Itar's Workshop is running a dungeon terrain and accessories KickStarter. IW is raising funds for a spin-casting system for their line of resin models and has a modest goal of $7000. 

You're probably already familiar with the Dwaven Forge KickStarter, so here's how they compare. IMO, There's room for both for your dungeon (and my tavern) needs!

Dwarven Forge:
* Better price for multiple basic dungeon tile sets: $120 for three sets (including stretch goals) plus extra stuff.
* Accessory add-on set TBA at $1M stretch goal. Free treasure pile and two barrels with each set pledged.
* Fewer variety of more tiles offer less customization, but easier organization.
* Full-wall tiles suitable for stone buildings, such as taverns. Free window tile with each set pledged.
* KS: http://www.kickstarter.com/projects/dwarvenforge/dwarven-forges-game-tiles-revolutionary-miniature

Itar's Workshop: 
* Better international price for one set of basic dungeon tiles: $45 + $20 shipping vs. $65 + $50 for DF.
* More variety of tiles offers more customization.
* Half-wall tiles ideal for corridors and suitable for outdoor walls. Half-wall corridors work fine when DF's full wall tiles are used as rooms. 
* Accessories do not require purchase of tiles. Ideal for anyone who already has 2D or 3D tiles.
* Accessories prices vary from $5 for a throne, to 12 lamps and lanterns for $2. Great price.
* Accessories are unpainted, but should be easy to paint. Tiles can be prepainted.
* Tiles and accessories compatible with Hirst Arts molds and products.  IW is a licensed HA distributor.
* See the Dungeonstone FAQ of a picture of DF tiles used with HA tiles.
* KS: http://www.kickstarter.com/projects/554948184/itars-workshop-dungeon-terrain

IW is also receptive to backer suggestions! I'm assuming they'll be using their already existing molds, so adding new accessories to their project won't be difficult.


----------



## Callahan09 (Apr 18, 2013)

Yep I pledged $56, I really like those accessories!  Sticking with Dwarven Forge for the tiles though.  I made a bunch of requests as well, for other HA mold accessories to be added as options.  I'm keeping an eye on it.  I really want that cathedral set which is currently a stretch goal that may or may not be reached but I hope it will be.


----------



## mach1.9pants (Apr 18, 2013)

Wow these are really good prices, especially the unpainted, so I hope they fit well with the dwarven forge stuff as well, a bit of mixy-matchy. The accessories are awesome too, I pledged for a bunch of those!


----------



## stevelabny (Apr 19, 2013)

Not promising a pledge

But I am interested in accessories. 

Wouldn't mind seeing siege weapons, nests, wizard's lab equipment, blacksmith equipment, guillotine, gallows, carpets (bear skin rug!), and small boats - at least a rowboat


----------



## Desh-Rae-Halra (Apr 19, 2013)

@ Stevelabny   Have you checked out MegaMinis.com?
 They are going out of business in a month, and I think they have everything you mentioned.


----------



## stevelabny (Apr 19, 2013)

Desh-Rae-Halra said:


> @ Stevelabny   Have you checked out MegaMinis.com?
> They are going out of business in a month, and I think they have everything you mentioned.

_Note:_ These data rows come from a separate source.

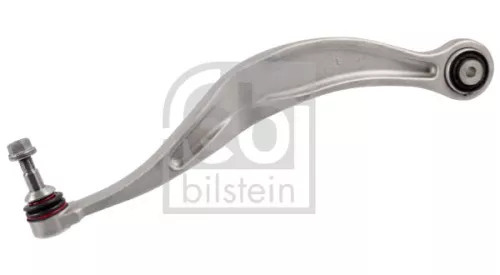 Febi Centre Rear Left Control / Trailing Arm For Bmw 5 Series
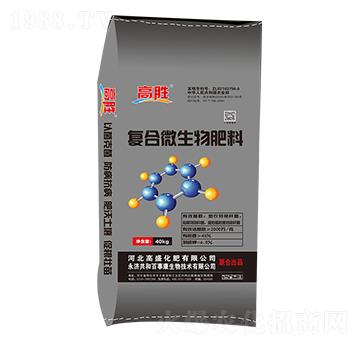 �߄ُͺ�΢�������-��ʢ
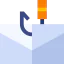 Email icon 64x64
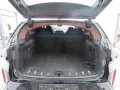 BMW XM AHK/Klima/Leder/Digital/Sound/Massage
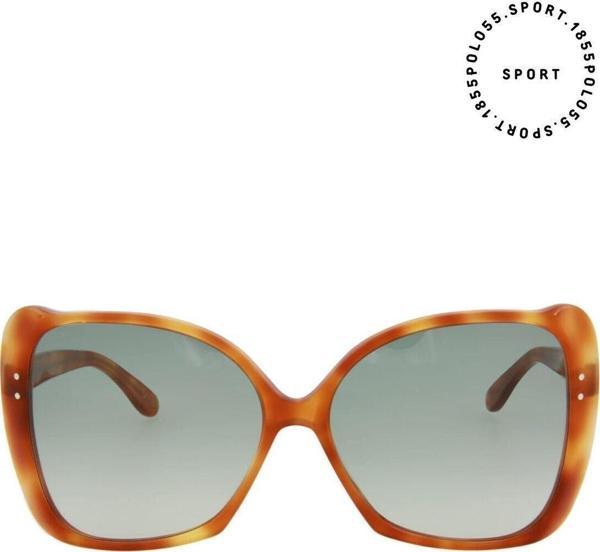 polo55.sport.1855 Hardy Model Kadın Güneş Gözlüğü - Image 1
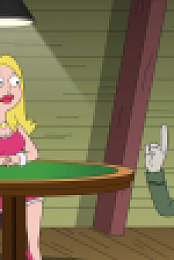 American Dad S19E20 1080p WEBRip x264-BAE EZTV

I can neither confirm or deny that my previous post was formed looking at a megaminis shopping list.   Unlike most minis people, I prefer plastic to metal for cost/convenience and I know from first hand experience that the megaminis people minis aren't particularly high quality anyway. And the prices for the accessories on this new kickstarter look pretty good.


----------



## GX.Sigma (Apr 19, 2013)

Is there a minimum pledge level?

Are there shipping charges within the US?

If both of those are no, I'll totally throw down a few bucks for chests, tables, etc.


----------



## ced1106 (Apr 19, 2013)

No minimum pledge level! I think it's covered in the FAQ at the bottom of the KS screen.
No shipping charges US.
 [MENTION=9700]Steve[/MENTION]: At 10K stretch goal, they'll have torture equipment, including gallows. Fun for the whole family!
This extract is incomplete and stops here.